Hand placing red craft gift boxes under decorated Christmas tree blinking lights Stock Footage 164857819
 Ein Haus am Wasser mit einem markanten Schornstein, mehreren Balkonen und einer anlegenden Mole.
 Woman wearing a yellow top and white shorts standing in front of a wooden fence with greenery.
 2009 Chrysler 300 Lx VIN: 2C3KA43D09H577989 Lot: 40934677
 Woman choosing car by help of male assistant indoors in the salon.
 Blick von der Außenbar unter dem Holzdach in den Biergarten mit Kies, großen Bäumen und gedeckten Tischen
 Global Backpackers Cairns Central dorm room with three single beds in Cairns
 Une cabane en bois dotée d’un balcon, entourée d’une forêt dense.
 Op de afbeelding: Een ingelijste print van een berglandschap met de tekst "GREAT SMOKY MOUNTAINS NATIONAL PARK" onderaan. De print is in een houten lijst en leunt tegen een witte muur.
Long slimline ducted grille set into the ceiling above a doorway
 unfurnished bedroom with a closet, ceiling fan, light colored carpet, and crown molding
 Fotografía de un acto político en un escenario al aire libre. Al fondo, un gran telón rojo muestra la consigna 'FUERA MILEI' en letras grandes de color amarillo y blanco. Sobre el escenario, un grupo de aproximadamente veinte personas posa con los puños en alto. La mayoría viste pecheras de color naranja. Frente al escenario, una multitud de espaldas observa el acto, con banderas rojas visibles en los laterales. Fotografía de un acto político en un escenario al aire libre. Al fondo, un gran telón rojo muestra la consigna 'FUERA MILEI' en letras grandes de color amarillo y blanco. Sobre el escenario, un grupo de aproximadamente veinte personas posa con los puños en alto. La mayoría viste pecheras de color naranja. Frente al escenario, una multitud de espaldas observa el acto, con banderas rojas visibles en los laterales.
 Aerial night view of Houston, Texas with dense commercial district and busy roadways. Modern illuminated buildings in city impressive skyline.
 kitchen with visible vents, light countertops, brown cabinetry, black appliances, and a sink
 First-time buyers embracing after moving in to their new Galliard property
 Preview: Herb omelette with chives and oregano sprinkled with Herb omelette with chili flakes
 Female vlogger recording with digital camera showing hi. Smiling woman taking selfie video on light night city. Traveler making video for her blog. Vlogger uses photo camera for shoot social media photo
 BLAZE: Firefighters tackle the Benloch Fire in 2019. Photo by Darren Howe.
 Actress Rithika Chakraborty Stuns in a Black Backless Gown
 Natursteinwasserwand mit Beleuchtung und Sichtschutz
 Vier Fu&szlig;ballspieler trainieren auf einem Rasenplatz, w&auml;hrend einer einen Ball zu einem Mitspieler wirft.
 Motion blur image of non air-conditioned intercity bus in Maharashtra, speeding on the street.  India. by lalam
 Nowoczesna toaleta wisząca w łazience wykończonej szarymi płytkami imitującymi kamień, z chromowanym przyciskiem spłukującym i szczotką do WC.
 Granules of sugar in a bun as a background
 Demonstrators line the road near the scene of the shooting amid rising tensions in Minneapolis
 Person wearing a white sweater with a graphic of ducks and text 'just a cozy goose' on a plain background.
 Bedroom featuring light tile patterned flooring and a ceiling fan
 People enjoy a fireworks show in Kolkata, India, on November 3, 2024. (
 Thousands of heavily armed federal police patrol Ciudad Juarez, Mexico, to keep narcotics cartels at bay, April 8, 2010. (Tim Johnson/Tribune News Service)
....
■ **Task details**:
For the lines from the one containing "First-time buyers embracing" through the end of the listing above, output each exactly and leave out the rest.

■ **Solution to this problem**:
 First-time buyers embracing after moving in to their new Galliard property
 Preview: Herb omelette with chives and oregano sprinkled with Herb omelette with chili flakes
 Female vlogger recording with digital camera showing hi. Smiling woman taking selfie video on light night city. Traveler making video for her blog. Vlogger uses photo camera for shoot social media photo
 BLAZE: Firefighters tackle the Benloch Fire in 2019. Photo by Darren Howe.
 Actress Rithika Chakraborty Stuns in a Black Backless Gown
 Natursteinwasserwand mit Beleuchtung und Sichtschutz
 Vier Fu&szlig;ballspieler trainieren auf einem Rasenplatz, w&auml;hrend einer einen Ball zu einem Mitspieler wirft.
 Motion blur image of non air-conditioned intercity bus in Maharashtra, speeding on the street.  India. by lalam
 Nowoczesna toaleta wisząca w łazience wykończonej szarymi płytkami imitującymi kamień, z chromowanym przyciskiem spłukującym i szczotką do WC.
 Granules of sugar in a bun as a background
 Demonstrators line the road near the scene of the shooting amid rising tensions in Minneapolis
 Person wearing a white sweater with a graphic of ducks and text 'just a cozy goose' on a plain background.
 Bedroom featuring light tile patterned flooring and a ceiling fan
 People enjoy a fireworks show in Kolkata, India, on November 3, 2024. (
 Thousands of heavily armed federal police patrol Ciudad Juarez, Mexico, to keep narcotics cartels at bay, April 8, 2010. (Tim Johnson/Tribune News Service)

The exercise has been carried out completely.